Management of natural resources is becoming one of the crucial issues of the 21st Century. The global demand for clean and renewable energy sources is growing because they represent one of the most effective tools against climate change. As a kind of renewable energy, shallow geothermal energy not only has huge reserves, no pollution and no carbon emissions, but also is easy to develop^1,2,3. In order to save underground space, geotechnical engineers combine ground source heat pump technology with underground structures (such as pile, tunnel, etc.) as energy geological structures. It is believed that the energy geological structure has made a positive contribution to regulating the environmental conditions of the building. The working process of energy geostructures is a coupling problem of stress field, displacement field, temperature field, and seepage field. The efficiency of heat transfer affects the efficiency of energy geostructures. Thermal conductivity of soil is a basic physical property related to heat conduction.

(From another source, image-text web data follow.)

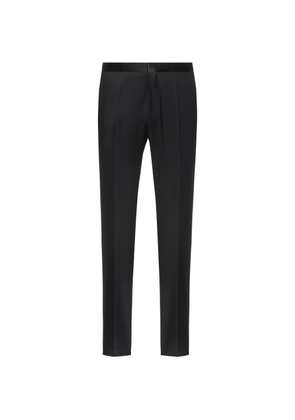 HUGO satin-waistband tailored trousers - Black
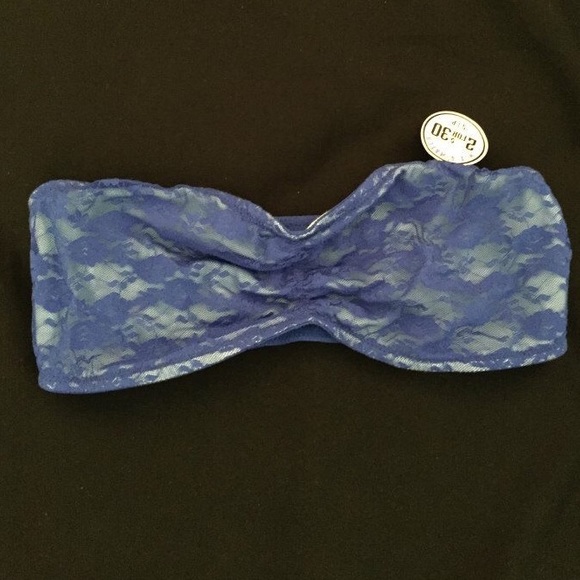 Victoria's Secret Tops - Blue lace VS bandeau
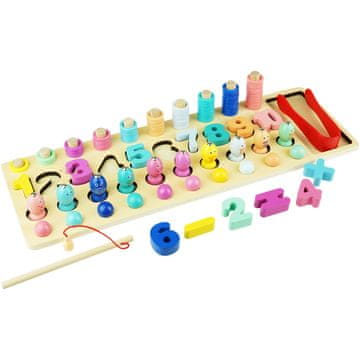 shumee Večnamenska izobraževalna igra 4 v 1 Ribiška igra s številkami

Transparent soil consists of an aggregate and a refractive index matched fluid⁴. When fully saturated, the particles appear invisible and allow light to pass, enabling visualization through the “soil”⁴. Both fine (clay) and coarse-grained (sands/gravels) materials were developed, and their mechanical properties were summarized by Iskander et al.⁵. Combined with laser and particle image velocimetry, non-invasive measurements can be made to investigate internal flow, deformation of transparent soil around the structure, grouting, and thermal reponse of sands in geotechnical engineering⁶. The heat transfer processes of energy pile surrounding soil were measured through transparent soil^7,8. However, previous literature has not studied the thermal properties of fused quartz and its difference in thermal behavior from that of natural soils. Measured thermal conductivity of fused quartz will also be beneficial to future studies on thermal reponses of granular materials using transparent sand.

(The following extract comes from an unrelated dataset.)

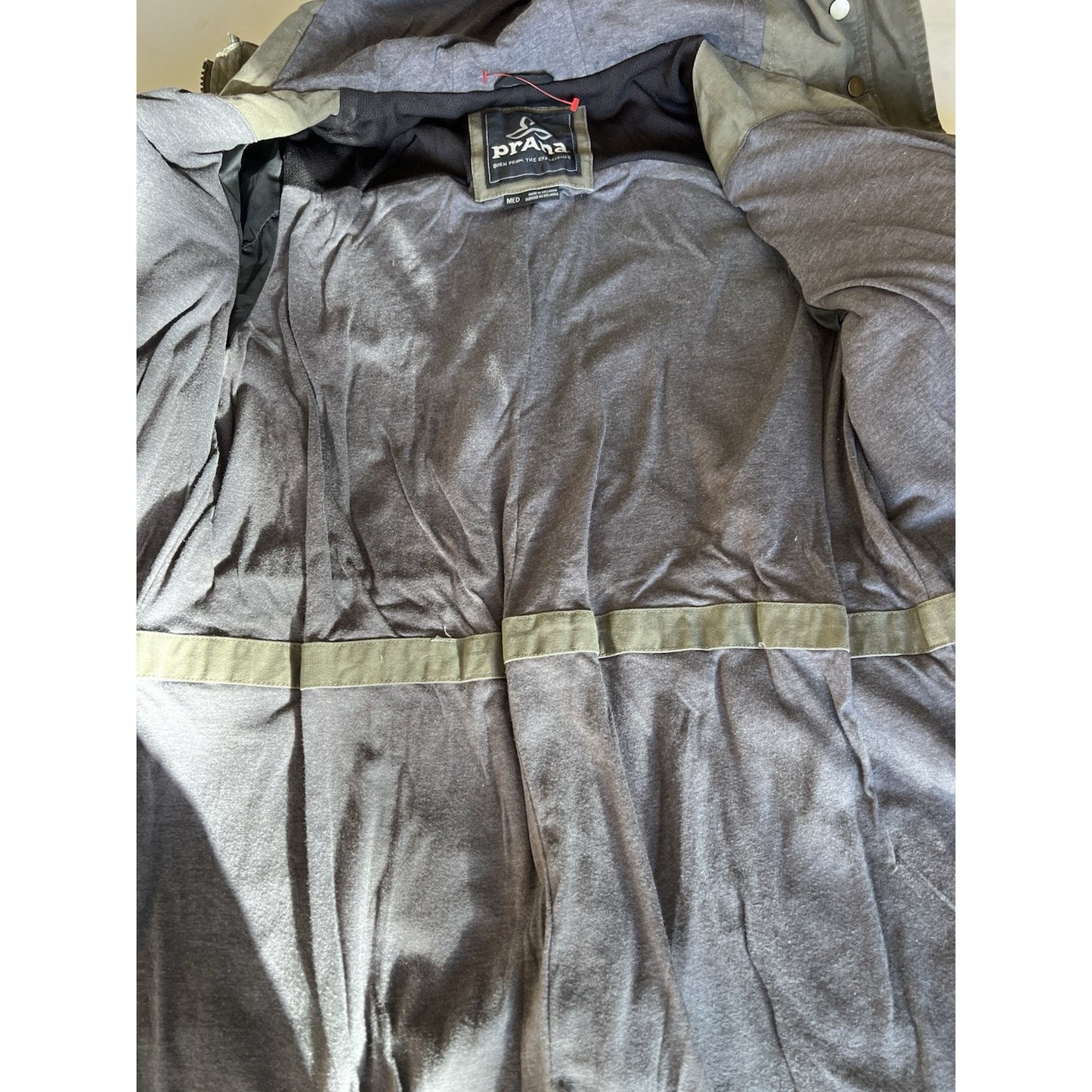 prAna Women’s Mandel Utility Jacket Olive Green Size Medium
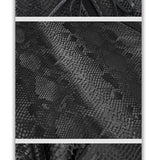 Skt124 Snakeskin Pattern Symmetrical Slit Skirt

Thermal conductivity refers to the heat flow per unit area per unit time in a unit temperature gradient (with unit: W/(m·K)). It depends on the mineral composition, water content, dry density, particle composition and morphology, temperature, etc.^9,10. De Vries¹¹ introduced soil particle shape coefficient g_s in his model of heat transfer. Tarnawski et al.¹² provided that particle shape values (g_s) for C-109 is 0.12, and for C-190 is 0.125. Rzhevsky et al.¹³ found that the thermal conductivity decreased as the particle size of the material decreases. Midttomme et al.¹⁴ found that the particle content > 63 μm had the greatest effect on the measured thermal conductivity. Xiao et al.¹⁵ found that the gradation effect on the thermal conductivity is attributed to the same intrinsic mechanism, which is independent of the porosity. An important internal factor that has not been fully investigated is the effect of gradation, which is a relevant topic in the study of application of transparent soils. Hence, a series of laboratory tests were performed to investigate the influence of the gradation and porosity on the thermal conductivity of the fused quartz. This study reviews literature models for the thermal conductivity of granular materials, experimentally determines the thermal conductivity of fused quartz using the thermal needle probe method, and assesses the accuracy of predicting the measured data using the existed models. The results hightlight the inadequacy of these models in characterizing the measured thermal conductivity of fused quartz and thus a new fitting formula based on literature models is suggested.

Materials and methods

Fused quartz

Transparent soils are produced by mixing the fused quartz and a refractive index matched pore fluid⁴. The fused quartz has similar geotechnical properties to the nature sand and the fused quartz is highly angular and possesses chemical composition similar to that of natural silicate sand⁵. The main advantages of transparent soil over previous recipes include lower pore fluid viscosity, lower fluid sensitivity to temperature variations, and the ability to recycle the materials for use in multiple tests⁵. More details on the physical and mechanical properties of the fused quartz can be found in the literatures^5,6,16,17,18.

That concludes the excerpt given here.